Am I right in hearing "brönet" as the pronunciation of "brödet"?


Yes and no. The "proper" pronunciation would be brödet, but the d is very often sloppily glossed over, which creates an n instead. So saying that the TTS is wrong here is a bit of a stretch, since people clearly often to say it like this.

Compare with "I have the breadknife" in English, the same effect takes place there, although it's more obvious since the d is immediately followed by an n.


Is "like" (tycker) always followed by "om"? Not the first time I'm seeing it


Well, yes, but not in the way you mean.

Many Swedish verbs consist of several words. In this case, the verb for liking is tycker om. But just tycker in itself does NOT mean to like! This is a very important distinction, because you're going to encounter loads of verbs that have several words.


Got it, thanks!


Why " i like " not "i likes" What the Difference ?


That would be bad English. The conjugation table for like looks like this:

  • I like
  • You like
  • He/she/it likes
  • We like
  • You like
  • They like

I don't wish to be rude, but if you do not know basic English grammar, you may want to refresh your English a bit before attempting the course, as it may be very hard otherwise. Don't get me wrong, I do encourage you to try if you'd like. But the course is assuming that you're learning from English as a language you already speak.
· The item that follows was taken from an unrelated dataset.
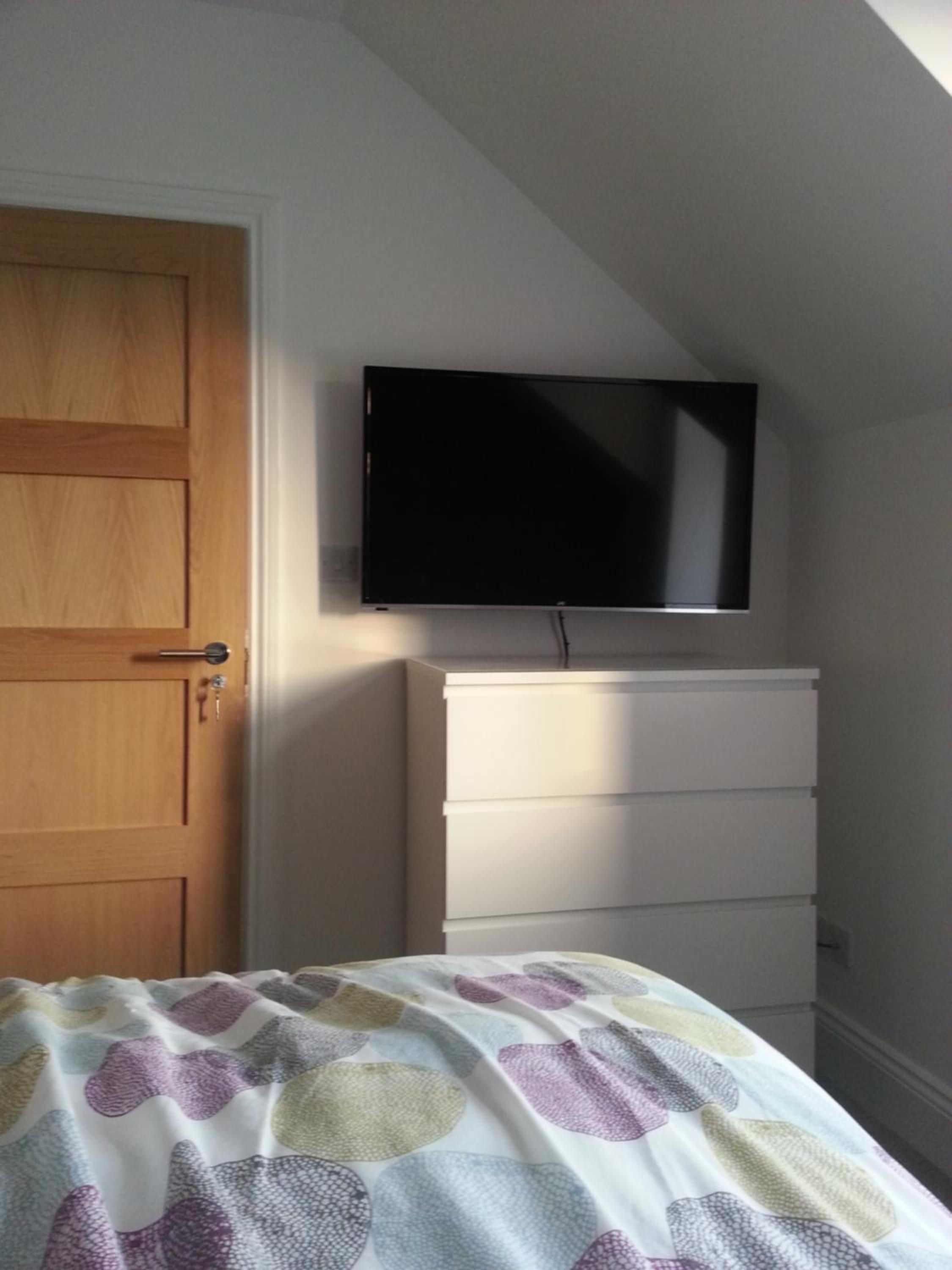 Four-Bedroom House photo 1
I know most of basic English grammars but I don't practice English so much Because of that I forget some of the grammars :O . Tack så mycket :)
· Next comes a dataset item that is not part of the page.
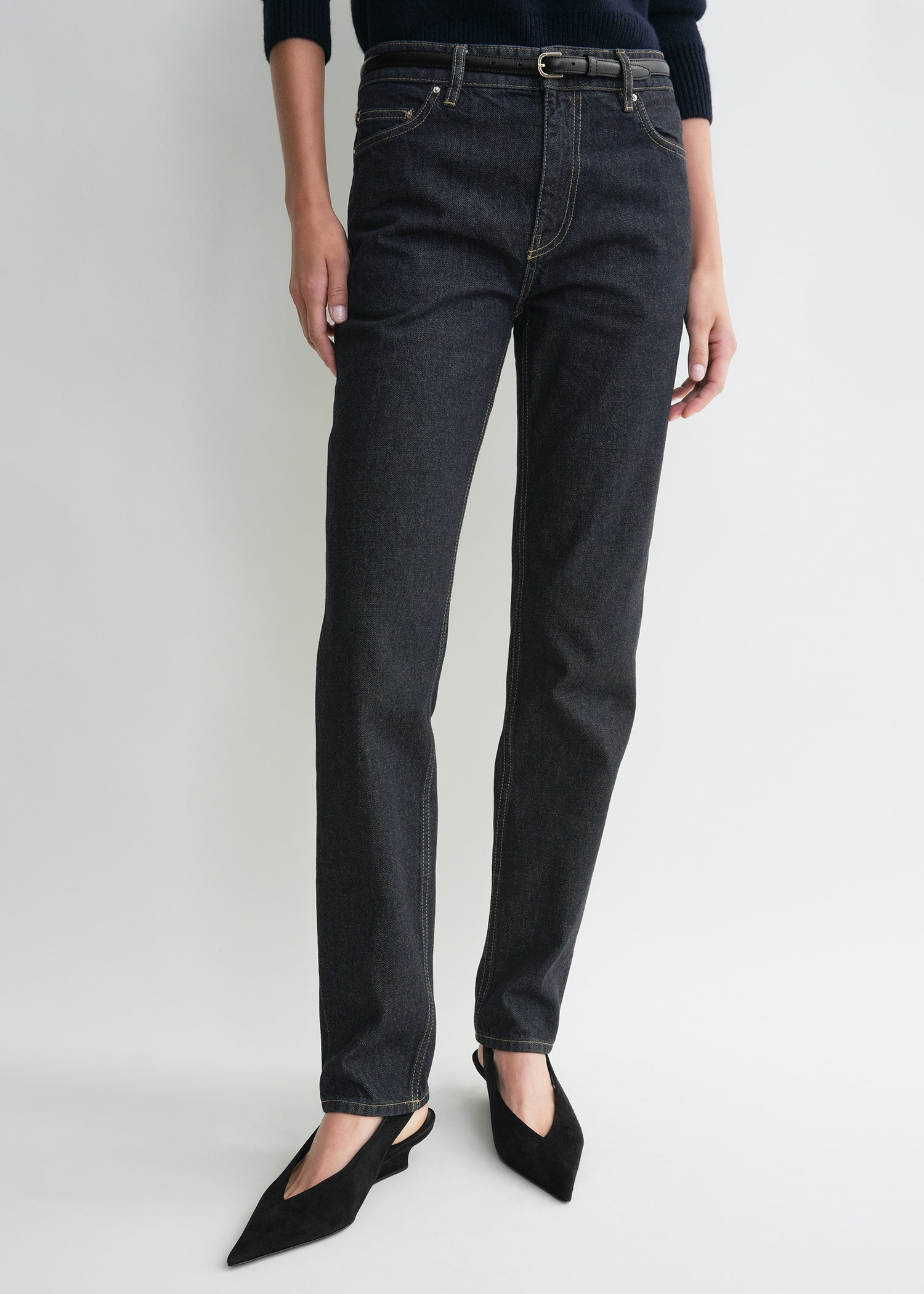 LOW TAPER DENIM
You're very welcome. I wish you the best of luck in your learning. :)


You can remember this as the 'shit rule'/'she-he-it rule'. The shitrule means +s to verbs when you mean either she, he or it.

Some examples: I like, He likes. We prefer, She prefers. They eat, It eats.

(Only works with regular verbs)


In german you say: he she it the S must go with. It rimes in german. He she it S muss mit


is like and love the same thing in swedish?


Nope, they differ pretty much the same way as in English.

  • like = tycka om / gilla
  • love = älska

There's some overlap, of course... e.g. you tend to like a person you love... but they do differ.


when I listen to the slower pronunciation of this sentence, it clearly sounds like brod, rather than brodet.


I'm lost on something. In many sentences, om doesn't really have it's own meaning. What is it there for and why is it important? Thanks so much.


In this case it does the same thing that "in" does in "give in", or "up" in "put up". It changes the meaning of the word.

"Put" means one thing. "Put up" changes the meaning to "erect", "deal with", "provide lodging", and a whole bunch of other meanings that put doesn't have by itself.

"Tycka" by itself means "think" in the sense of "be of the opinion". "Tycka om" means like. There are lots of verbs like this in Swedish.


In this instruction, we are being told tycker means like and it reads "I like bread". What does om add?


How do I say: "I like THIS bread"? Like this specific type of bread


En bröd or ett bröd?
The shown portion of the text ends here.